Madame welcomed me warmly. She did the honours of her country house herself. Montreuil, although a pleasant retreat, was in my opinion less lovely than Vaucelles. Madame had successively added, following her whim rather than any design, a hermitage, a tower, a multitude of bridges over a tiny brook, a Chinese pagoda, an outdoors music pavilion and, needless to say, a mock farm, complete with dairy, barn, sheep, shepherds and henhouse. I expressed all of the expected admiration in spite of the artificial and haphazard air of the place, but was sincerely impressed by very fine vegetable gardens, which were the object of Madame’s utmost care. She liked to cook with the produce of her little estate and made an excellent pesto soup herself, after a recipe from her native Italy.

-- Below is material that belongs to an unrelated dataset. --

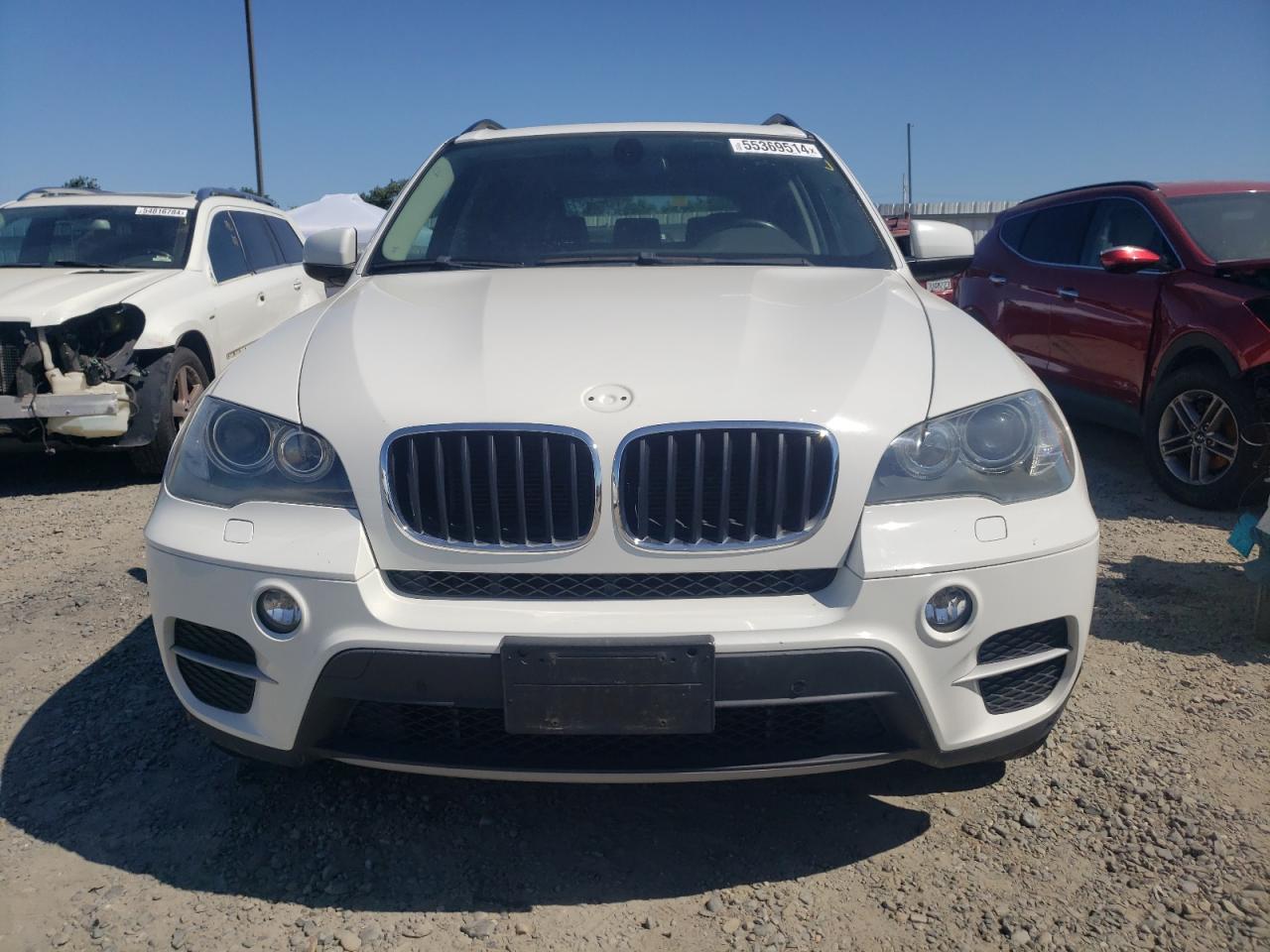 5UXZV4C51BL740471 2011 BMW X5 xDrive35I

I played the pianoforte and sang for Madame, which seemed to bring her comfort in spite of the fact that she had not much of an ear. She asked many questions about Aimée and requested that I bring her with me. At first, I had noticed that Madame often gave off whiffs of liquor, spoke rather too loudly, walked with an unsteady gait and in general acted in such a way as to indicate that she had du vent dans les voiles, “wind in her sails,” as the saying goes. During those moments, the only company, beside mine, she seemed to tolerate with equanimity was that of Rosalie, a young Negress. She had been “given” as a little girl to Madame, as if she had been a canary or a lapdog. Rosalie was about my age, graceful and delicate, with the darkest skin I had ever seen. She showed endless patience with Madame’s bouts of temper. I did not want to expose my daughter, then only four years of age, to the sight of the poor princess in her cups, leaning on Rosalie for support. I have always found drunkenness unappealing, especially in a female.
Soon, however, Madame began to act in a more measured manner in my presence. Rosalie told me under the seal of confidence that Her Highness was indeed calmer and more manageable during my week of service than at any other time. After I became assured of her improvement, I humoured her by bringing Aimée with me on occasion.

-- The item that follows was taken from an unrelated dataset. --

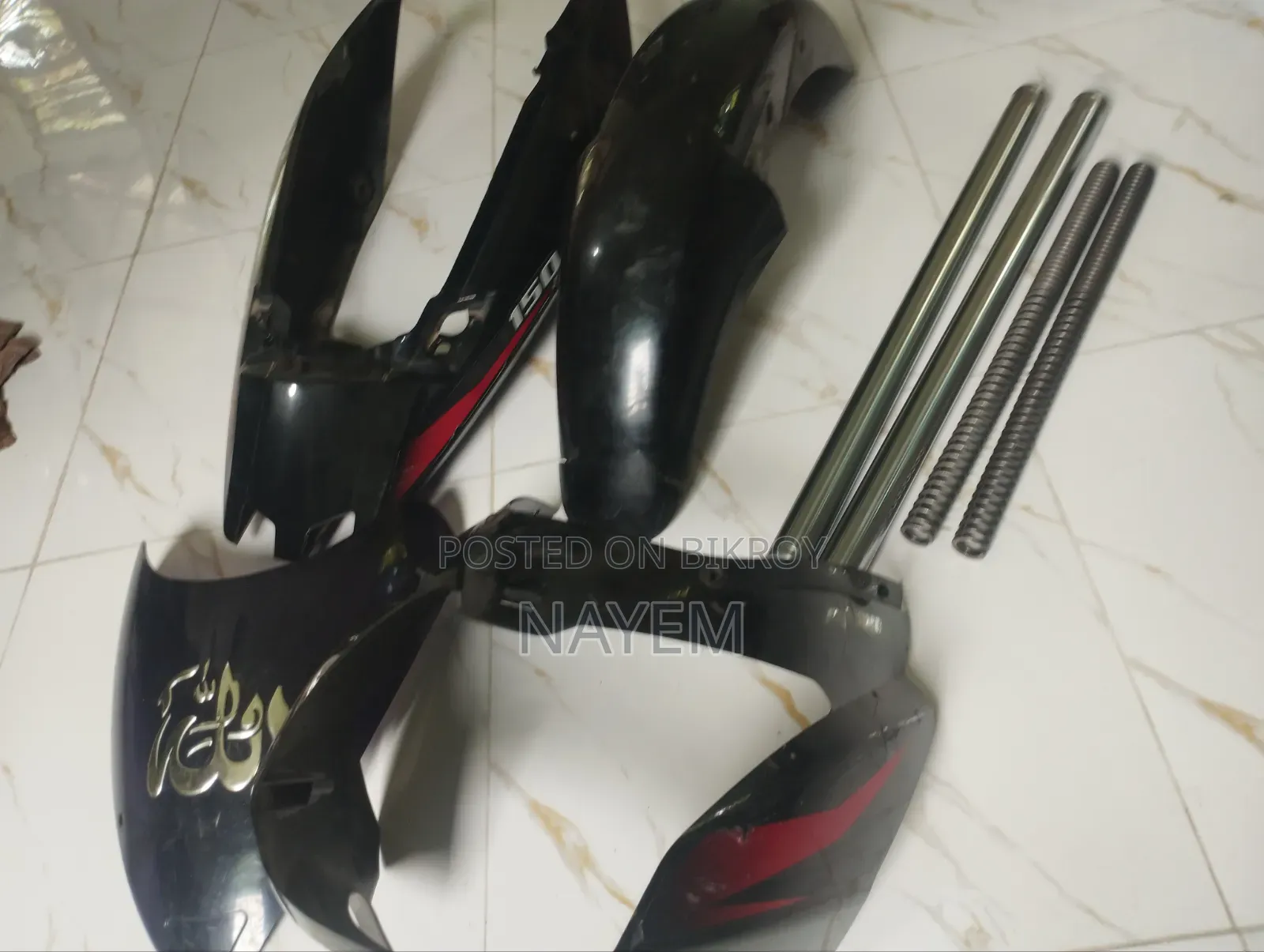 Pulsar Er Parts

After fulfilling my duties with Madame, I had to face Villers. He would wait for me at my lodgings, pacing the parlour, and demand a minute account of my day immediately upon my return. The same enquiries were renewed in bed.
“Why do you not trust me?” I asked, looking into his eyes.
“Trust you? You betray me with a woman, Belle, and you expect me to trust you?”
“I do not betray you with anyone. I never did. Never. Not once.”
I held him against me to comfort him, to appease him. I wanted to reach for the part of him that was in pain. He drew back. “You have always lied to me, Belle. You are lying to me now. What exactly have you done with that woman?”
I sighed. “I already told you all about my day.”
“Do you expect me to believe you?”
“Yes, I do. What have I ever done to deserve this? Please, my dear, trust me. You are making yourself, and me, unhappy over nothing.”
He seized me and kissed every inch of my skin with a sort of frenzy. I knew that love or lust had nothing to do with it. He was searching for traces of Madame’s odor.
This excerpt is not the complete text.